Local Option in Texas: The Great GASB

 Any time a legislative body as large as that of the Texas House of Representatives passes a bill of greater import than the designation of a state flower (e.g., Yellow Rose) or nut (e.g., Pecan) by a unanimous vote (i.e., 140-0), you sense that something odd may be afoot. As your blogger drafted, the New York Times last Friday (5/18) cast light on the recent passage of a bill in the Texas House that would reject GASB's rules governing disclosure of the cost of promised healthcare benefits for retired employees of the state and its political subdivisions. (Mary Williams Walsh, "Auditing Rule Is Put at Risk by Texas Bill," NYT, 5/18/07, C1.)

Reportedly, the Texas Senate is expected to vote before Memorial Day on a "softened" version of the House bill which would permit the affected governmental units to adopt and apply the GASB rules but not require them to do so.

The Government Finance Officers Association (GFOA), which includes folks who manage and report on general-account public funds as well as benefit plans and other trust funds, have stirred up outright opposition to the adoption of the GASB rules on grounds which on their face seem Byzantine: the GFOA would rather have the public-sector entities adhere to the more stringent FASB rules which apply to the private sector but which, unlike the GASB rules, do not require "performance audits."

Whether the unanimity in the Texas House would have been breached in a compromise for a permissive-only approach to GASB, we cannot know. One would think that at least a few votes, if not a majority, could be mustered against "local option," as in prohibiting or allowing the sale of alcohol. However, if GFOA had its way, the FASB standards would be Texas's. Local finance officials would then have no choice but to bite the bullet on calculating and disclosing an actuarial cost estimate of their reporting units' accrued obligations to pay post-retirement healthcare benefits.
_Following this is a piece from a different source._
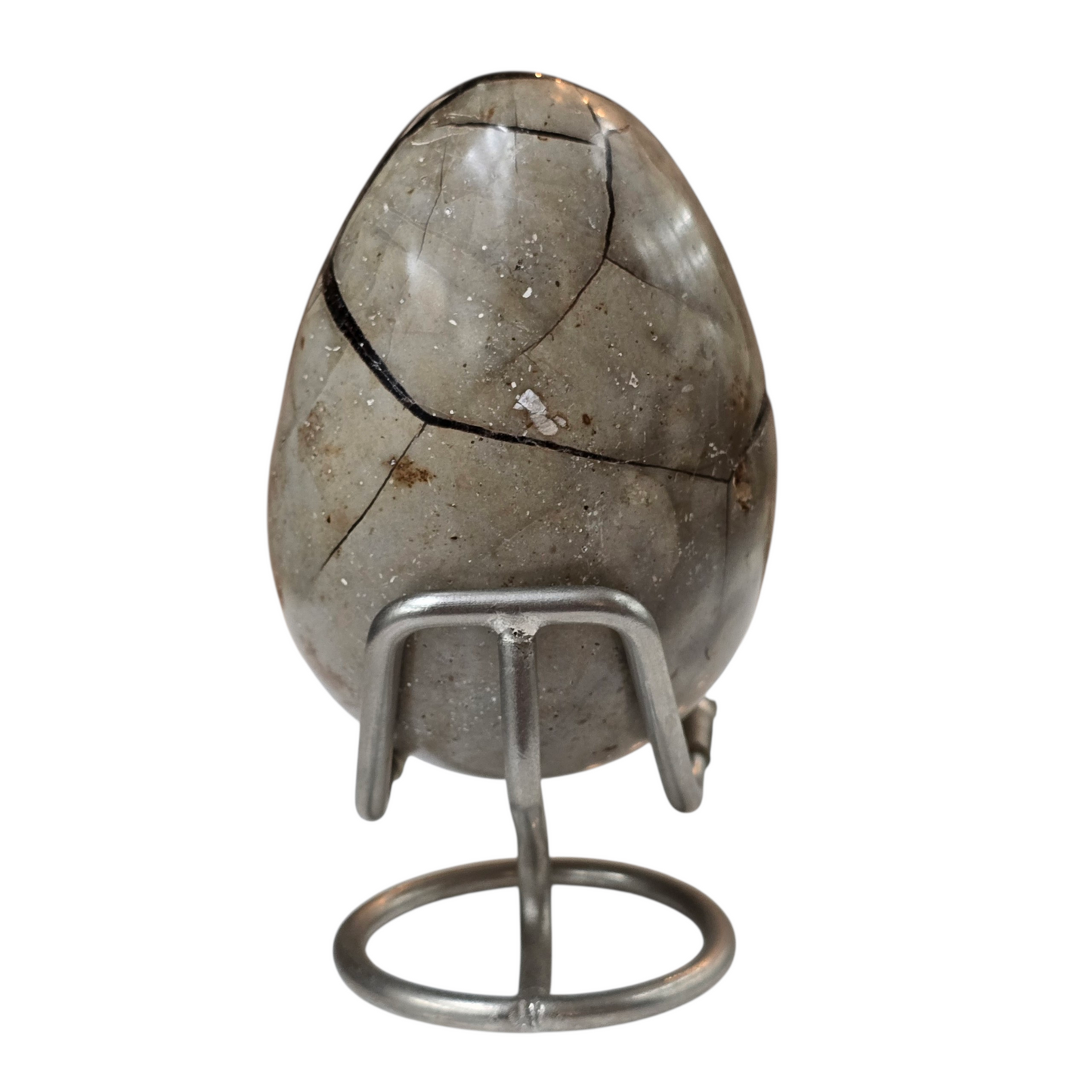 Septarian Dragon Egg #2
GASB or FASB, either would nevertheless greatly displease many local officials, such as the Travis County auditor, who oppose any rule which requires some calculation of the government's accrued obligations for "other [non-pension] post-employment benefits" (OPEBs).

To maintain, as the Travis County official has been quoted to say, that those obligations are "not measurable" because different actuaries at two different valuation dates previously furnished healthcare cost estimates as wide apart as $89 million and $320 million (although they later closely converged on numbers of similar magnitudes) is ostrich-like: it is not to deny that the significant millions involved are that much greater than zero.

In a practical world, there ought to be a way for that county government and others like it to be able to avoid or lessen the risk of having their current credit ratings promptly downgraded in the wake of disclosing astronomical numbers (in the context of their finances generally) with no funding plans in place. Public officials ought to be able to find midway courses between, on the one hand, drastic cuts in public services and employee payrolls and, on the other, huge hikes in any of those relatively few tax and other revenue sources that political subdivision units have control over.

In the immediate aftermath of the Enron era scandals, when most public pension funds had taken large hits to their funded status, the legislative tack taken in a number of states entailed the adoption of credible plans, instituting step-rate increases in employer contributions -- in some cases, accompanied by temporary, defeasible employee contribution increases. These were calibrated to make funding progress while the equity markets regained public confidence and staged an expected comeback -- sooner or later. Those efforts are by now proving themselves effective.

Granted, trying to remedy a pension plan funding deficit is not as politically daunting a task as deciding to begin funding long-term benefit payouts from scratch.

Cities and counties which have not already begun that task could be -- and some are -- banking on a pipe dream: that someday very soon, through overarching Federal action, America will enjoy universal healthcare coverage.

But before new legislation can possibly be enacted and set on a path to implementation, which could occupy the entire term of the next adminstration, realistically Congress will have had to attack the long-term funding shortfalls under both Social Security and Medicare. The truly "universal" health coverage that many now yearn for will also need to address issues of co-existence with Medicare (including the Part D program instituted just last year) and, in time, the "universal" plan's transitioning into or possibly swallowing up at least the benefits side of present-day Medicare for Medicare eligibles.

Until then, state and local governments with retiree healthcare plans will be forced to fend for themselves in quandaries of their own making. The present values of future benefit obligations created by plan sponsors have a reality of their own, an existence independent of rule-makers.